Apache HDFS
Introduction
Apache Hadoop Distributed File System (HDFS) is the primary storage system for the Hadoop ecosystem, designed to store large volumes of data across many machines. It is a distributed file system that provides high throughput access to application data, ensuring scalability and fault tolerance.
Getting Started
Compatibility
vuSmartMaps supports monitoring of Apache HDFS and is tested with version 3.x
Data Collection Method
vuSmartMaps collects Apache HDFS data using an internal data collector. This agent collects data based on the source configuration.
Prerequisites
Inputs for Configuring Data Source
- Host: The IP Address/FQDN of the linux server. This field is the key to identify each server you add here.

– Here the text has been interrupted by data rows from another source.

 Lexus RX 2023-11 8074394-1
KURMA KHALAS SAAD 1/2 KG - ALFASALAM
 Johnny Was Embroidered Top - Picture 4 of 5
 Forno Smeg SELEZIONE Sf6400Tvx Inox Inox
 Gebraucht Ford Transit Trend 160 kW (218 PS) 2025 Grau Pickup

- Port: Provide the JMX port details
- interval: Provide the data collection interval
- DataNode Details: Please provide the DataNode details
- DataNode IP Address: IP address needs to be a valid IP Address.

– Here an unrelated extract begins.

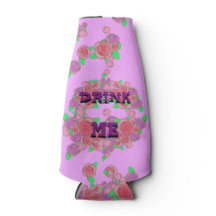 BEBA-ME Alice no Wonderland Bottle Wrap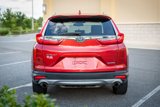 Used 2018 Honda CR-V Touring image 4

- DataNode Port: Enter a valid port
Firewall Requirement
To collect data from this O11ySource, ensure the following ports are opened:
Source IP | Destination IP | Destination Port | Protocol | Direction |
---|---|---|---|---|
vuSmartMaps IP | Apache HDFS Endpoint | 8778, 8779 | TCP | Outbound |
*Before providing the firewall requirements, please update the port based on the customer environment.
Configuring the Target
We need to add the below two lines in hdfs-env.sh and restart Apache HDFS:
export HDFS_NAMENODE_OPTS="-Dcom.sun.management.jmxremote=true \
-Dcom.sun.management.jmxremote.authenticate=false \
-Dcom.sun.management.jmxremote.ssl=false \
-Dcom.sun.management.jmxremote.port=8004 \
-javaagent:/usr/share/java/jolokia-jvm-1.6.2-agent.jar=port=8778,host=0.0.0.0,id=namenode"

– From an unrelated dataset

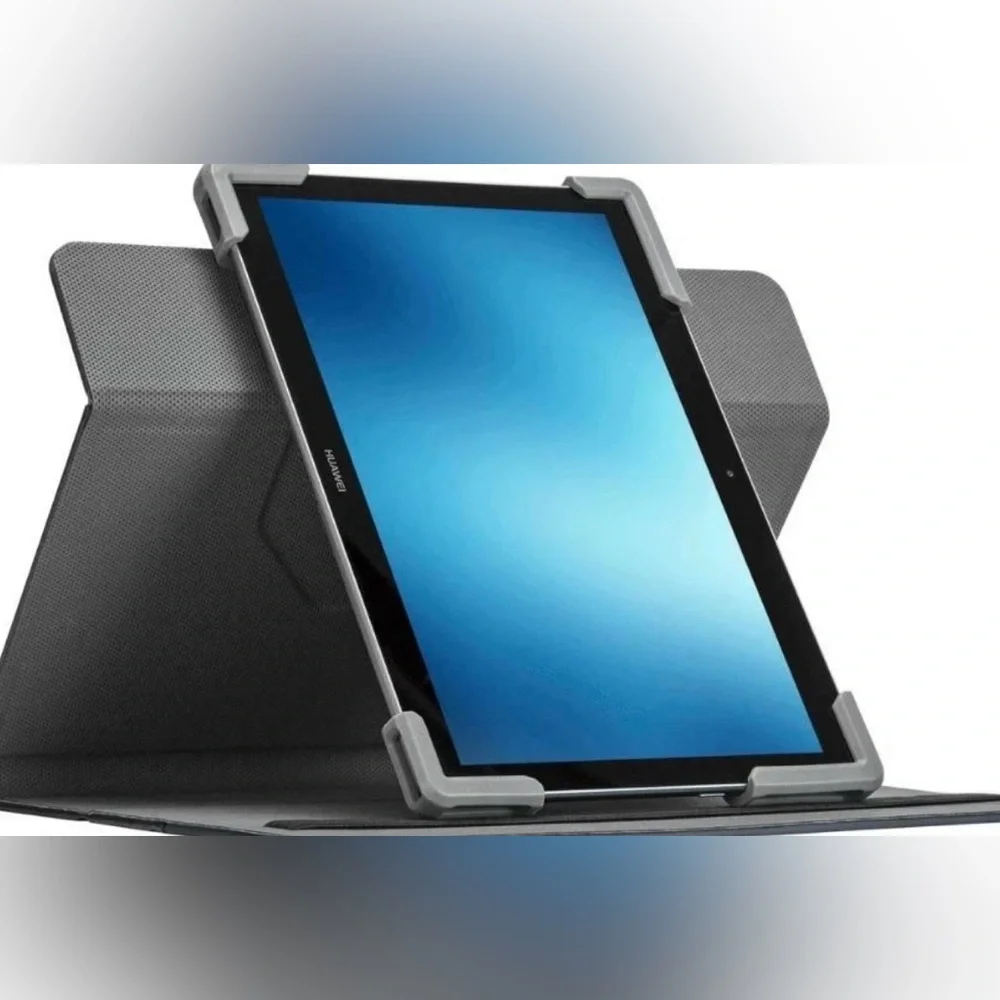Targus Black and Gray Tablet Case
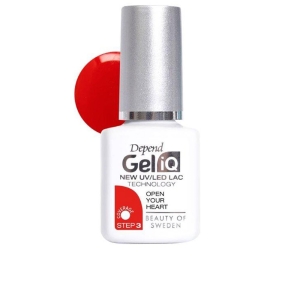 Beter Gel Iq Esmalte ref open Your Heart 5 Ml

export HDFS_DATANODE_OPTS="-Dcom.sun.management.jmxremote=true \
-Dcom.sun.management.jmxremote.authenticate=false \
-Dcom.sun.management.jmxremote.ssl=false \
-Dcom.sun.management.jmxremote.port=8008 \
-javaagent:/usr/share/java/jolokia-jvm-1.6.2-agent.jar=port=8779,host=0.0.0.0,id=datanode"
Configuration Steps
- Enable the O11ySource.
- Select the Sources tab and press the + button to add a new Apache HDFS to be monitored.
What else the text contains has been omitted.